This article appeared in the South Wales Argus 100 years ago today

HOUSING AT NEWPORT

TONIGHT a Local Government Board inquiry will be held at Newport with reference to the acquisition of land for housing schemes. It is a necessary preliminary to the great work of reform to which the Corporations have undertaken to make their contribution. We do not propose to deal with the specific subject of the inquiry, but this is an appropriate time to comment upon the urgent need for a new spirit with reference to housing at Newport. There has been in recent years an improvement in regard to middle-class houses; now we want an improvement in working-class housing. The people ask that those who toil for low wages - craftsmen, artisans, labourers, clerks, shopmen - should have the chance to live in houses which combine comfort, convenience and beauty. They ask for areas laid out on garden city lines, instead of long rows of ugly boxes of bricks and mortar - for houses semi-detached or combined in picturesque blocks of three or four, for every house a garden, with variety of architecture instead of the deadly uniformity which marks so many areas.

The first necessity for every housing scheme is a fit site. The undeveloped districts around Newport and the townships of Monmouthshire about with sites of great natural beauty. If they are properly utilised Monmouthshire can be made a county of charming townships where beauty and convenience will minister to health of body and mind.

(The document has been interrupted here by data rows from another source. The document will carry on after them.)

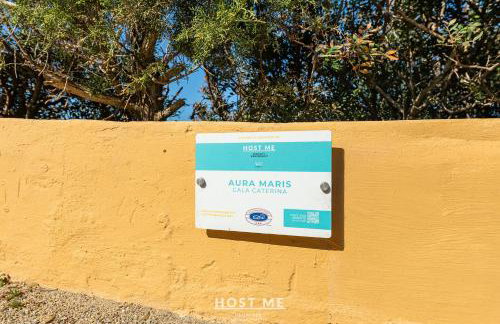 Aura Maris - Cala Caterina - Foto 35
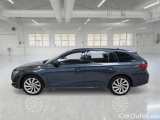  Skoda  Octavia SKODA  WAGON / 2020 / 5P / STATION WAGON 2.0 TDI EVO 110KW EXECUTIVE DSG #8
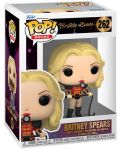 Фигура Funko POP! Rocks: Britney Spears - Britney Spears #262   - 3t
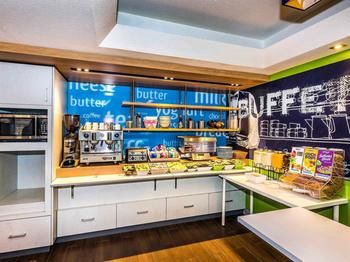 Ibis Budget St Peters - Accommodation Ballina 21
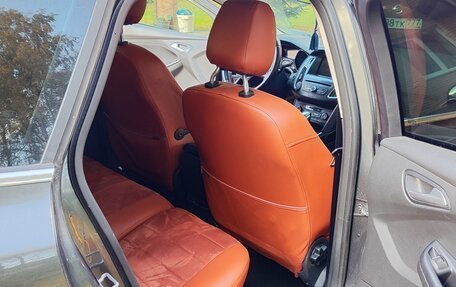 Ford Focus III, 2018 год, 1 800 000 рублей, 9 фотография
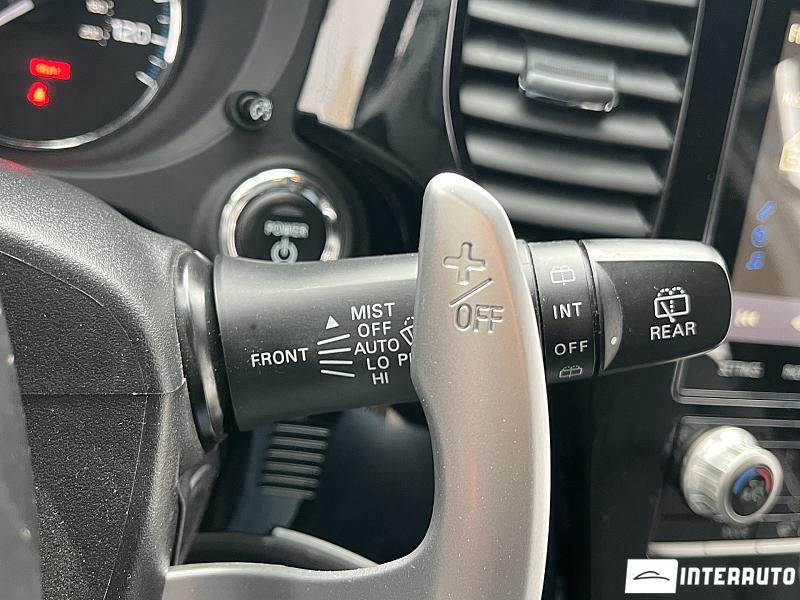 Mitsubishi Outlander 12 mitsubishi outlander 2019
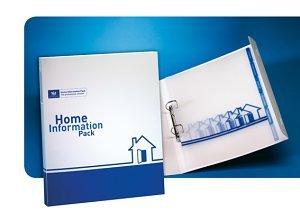 The Law Societys Online Home Information Pack 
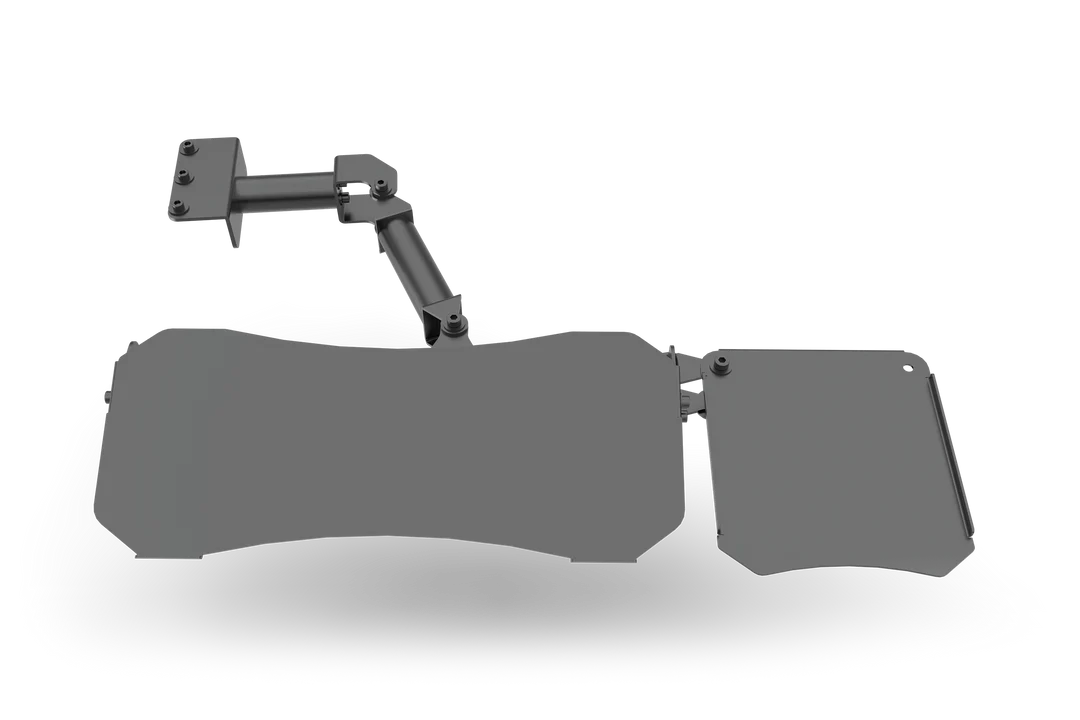 Trak Racer Keyboard/Mouse Mount For Tr8 Pro And Trx Racing Cockpit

But if the development is to proceed upon right lines, with a view to present needs and future developments, there must be town planning on broad lines, and every development must be directed and controlled by the civic authorities, so that the advance of to-day may not be the barrier of to-morrow. We gave only to look around the older Monmouthshire townships (including Newport) to see how handicapped the people of to-day are because there was no controlling authority in the early part of last century. Our ancestors did not foresee the great developments which would follow the industrial revolution; the humble folk of those times had no control of civic policy; and there was no public sentiment in favour of better things. During the past century there has been hard thinking and eloquent propaganda. To-day there is an instructed public opinion upon town planning and housing. Perhaps half the people still are ignorant or indifferent; but there is a body of opinion in favour of housing reform, and the active elements in the nation (not of one class or party only, but of all) are convinced that the provision of hosing is a national duty - that, while the cooperation of individual enterprise is welcome and necessary, it cannot be left to estate owners, private capitalists, or speculative builders, but must be undertaken with the State's financial assistance as part of the municipality's duty.

There are not enough houses at Newport for the people to live in comfort and decency, therefore many more houses must be built merely to accommodate the present population. That is the first point to be considered in connection with the inquiry to-day. We need houses, we must have sites, and the sites suggested will enable the town to build model houses on model lines. There is immediate gain from every properly conceived and efficiently completed housing scheme - it means the provision of decent, comfortable, and beautiful; homes for a number of families, and thought the moral influence is not inevitable, men and women in the main tend to live up to their surroundings. But there are indirect benefits from such schemes. They are an example and a stimulus - especially to the home-makers - the women. What working women in Newport with eyes to see and a heart to feel will be content to live in one of the mean streets of Newport - in one of those old, ugly, dingy, ricketty houses, with no convenience, no outlook- when for an equal rent, or very little more, other women's husbands can get pretty modern cottages in a garden suburb? We want a real housing scheme at Newport to stir in the hearts of the women that divine discontent - that revolt against unnecessary hardship and unloveliness - which is the beginning of reform. We want our housing scheme - our new houses. And when we have them we want to see the women of Newport refusing to occupy the hovels for which their husbands now pay high rents - insisting upon moving out into newer and healthier surroundings - so that houses which are only prevented from becoming uninhabitable slums through the excessive toil of overworked housewives may be left to their fate, and a new public sentiment may compel the municipality to sweep them away and make a garden city in our very midst where now are huddled mean houses in mean streets.